Below are the records; copy out every line that holds the word "Dining".

__Data__:
▬▬▬
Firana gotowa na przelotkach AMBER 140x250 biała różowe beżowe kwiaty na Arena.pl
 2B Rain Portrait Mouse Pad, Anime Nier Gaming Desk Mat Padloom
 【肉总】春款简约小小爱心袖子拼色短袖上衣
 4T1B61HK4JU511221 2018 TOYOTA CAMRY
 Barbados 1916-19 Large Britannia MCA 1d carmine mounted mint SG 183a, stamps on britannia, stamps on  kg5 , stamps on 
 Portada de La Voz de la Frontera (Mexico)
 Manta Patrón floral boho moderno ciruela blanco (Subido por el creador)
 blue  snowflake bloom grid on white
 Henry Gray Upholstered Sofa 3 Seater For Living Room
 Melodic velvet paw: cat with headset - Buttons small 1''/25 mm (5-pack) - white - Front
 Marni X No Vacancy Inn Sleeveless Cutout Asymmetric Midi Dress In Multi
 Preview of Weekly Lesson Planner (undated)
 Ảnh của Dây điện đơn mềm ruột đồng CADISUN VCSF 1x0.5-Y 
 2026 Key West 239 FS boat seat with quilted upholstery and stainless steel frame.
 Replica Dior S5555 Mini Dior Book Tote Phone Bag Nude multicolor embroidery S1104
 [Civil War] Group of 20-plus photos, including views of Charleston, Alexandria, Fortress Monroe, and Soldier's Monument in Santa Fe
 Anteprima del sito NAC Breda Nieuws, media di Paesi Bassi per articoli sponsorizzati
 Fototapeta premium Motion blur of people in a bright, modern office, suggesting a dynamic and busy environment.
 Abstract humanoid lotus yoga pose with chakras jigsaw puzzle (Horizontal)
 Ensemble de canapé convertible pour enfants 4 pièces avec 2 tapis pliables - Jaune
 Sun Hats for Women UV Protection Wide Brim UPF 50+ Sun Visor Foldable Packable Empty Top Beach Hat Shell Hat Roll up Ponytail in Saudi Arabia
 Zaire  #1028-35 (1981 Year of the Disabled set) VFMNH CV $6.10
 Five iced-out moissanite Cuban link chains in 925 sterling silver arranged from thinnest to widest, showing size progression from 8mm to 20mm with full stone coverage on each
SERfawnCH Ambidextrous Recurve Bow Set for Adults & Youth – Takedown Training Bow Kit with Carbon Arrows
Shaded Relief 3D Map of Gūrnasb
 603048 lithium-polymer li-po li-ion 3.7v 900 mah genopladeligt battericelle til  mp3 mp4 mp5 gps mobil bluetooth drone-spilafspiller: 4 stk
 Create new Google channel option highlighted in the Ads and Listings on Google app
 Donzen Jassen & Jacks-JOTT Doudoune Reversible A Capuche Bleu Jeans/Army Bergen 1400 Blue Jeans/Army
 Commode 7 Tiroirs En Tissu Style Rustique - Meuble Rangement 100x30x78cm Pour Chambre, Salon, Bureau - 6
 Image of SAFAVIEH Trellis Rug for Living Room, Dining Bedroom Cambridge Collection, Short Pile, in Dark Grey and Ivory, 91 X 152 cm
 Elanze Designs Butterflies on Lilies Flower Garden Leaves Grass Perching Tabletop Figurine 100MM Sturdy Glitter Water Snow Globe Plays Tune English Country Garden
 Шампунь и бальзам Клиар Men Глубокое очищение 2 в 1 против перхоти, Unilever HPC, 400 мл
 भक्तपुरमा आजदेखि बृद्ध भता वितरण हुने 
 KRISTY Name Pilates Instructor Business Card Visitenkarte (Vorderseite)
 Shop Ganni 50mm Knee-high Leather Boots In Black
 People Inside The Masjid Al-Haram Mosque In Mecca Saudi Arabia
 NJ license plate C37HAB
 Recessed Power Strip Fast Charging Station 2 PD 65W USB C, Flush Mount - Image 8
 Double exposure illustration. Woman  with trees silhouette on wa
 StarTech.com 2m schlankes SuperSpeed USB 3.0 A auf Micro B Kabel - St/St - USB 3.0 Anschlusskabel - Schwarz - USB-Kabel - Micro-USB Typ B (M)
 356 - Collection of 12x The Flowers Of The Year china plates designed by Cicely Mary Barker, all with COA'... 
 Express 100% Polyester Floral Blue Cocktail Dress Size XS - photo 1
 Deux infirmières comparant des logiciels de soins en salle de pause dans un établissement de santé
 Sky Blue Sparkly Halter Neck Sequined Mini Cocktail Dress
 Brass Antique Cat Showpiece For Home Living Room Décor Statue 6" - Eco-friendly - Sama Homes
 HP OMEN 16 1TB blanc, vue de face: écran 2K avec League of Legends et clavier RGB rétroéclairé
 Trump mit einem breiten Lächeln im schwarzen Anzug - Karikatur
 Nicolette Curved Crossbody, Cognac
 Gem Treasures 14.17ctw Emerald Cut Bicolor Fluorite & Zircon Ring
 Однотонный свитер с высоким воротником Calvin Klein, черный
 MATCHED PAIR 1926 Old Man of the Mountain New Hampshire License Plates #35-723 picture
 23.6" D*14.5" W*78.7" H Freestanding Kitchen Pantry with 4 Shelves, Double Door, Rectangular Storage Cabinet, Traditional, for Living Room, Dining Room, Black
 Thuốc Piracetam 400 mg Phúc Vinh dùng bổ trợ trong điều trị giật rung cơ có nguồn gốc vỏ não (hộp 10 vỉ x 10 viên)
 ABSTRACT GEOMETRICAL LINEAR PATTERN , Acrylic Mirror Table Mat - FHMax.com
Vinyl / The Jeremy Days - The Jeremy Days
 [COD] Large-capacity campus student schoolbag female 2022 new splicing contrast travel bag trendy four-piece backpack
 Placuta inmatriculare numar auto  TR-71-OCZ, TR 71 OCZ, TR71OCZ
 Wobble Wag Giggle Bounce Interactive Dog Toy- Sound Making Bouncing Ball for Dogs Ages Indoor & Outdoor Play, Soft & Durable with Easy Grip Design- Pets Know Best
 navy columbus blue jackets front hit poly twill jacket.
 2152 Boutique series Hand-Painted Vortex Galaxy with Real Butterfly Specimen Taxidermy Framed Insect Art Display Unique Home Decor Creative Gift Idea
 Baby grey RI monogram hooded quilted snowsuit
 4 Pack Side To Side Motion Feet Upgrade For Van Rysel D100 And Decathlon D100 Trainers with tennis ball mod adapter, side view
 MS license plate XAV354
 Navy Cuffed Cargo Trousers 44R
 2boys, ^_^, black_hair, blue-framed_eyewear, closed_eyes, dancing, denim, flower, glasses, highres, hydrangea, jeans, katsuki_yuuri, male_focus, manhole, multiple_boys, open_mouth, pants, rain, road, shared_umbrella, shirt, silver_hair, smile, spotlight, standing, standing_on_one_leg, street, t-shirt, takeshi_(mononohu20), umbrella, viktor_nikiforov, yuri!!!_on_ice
▬▬▬
__Finished task__:
 Image of SAFAVIEH Trellis Rug for Living Room, Dining Bedroom Cambridge Collection, Short Pile, in Dark Grey and Ivory, 91 X 152 cm
 23.6" D*14.5" W*78.7" H Freestanding Kitchen Pantry with 4 Shelves, Double Door, Rectangular Storage Cabinet, Traditional, for Living Room, Dining Room, Black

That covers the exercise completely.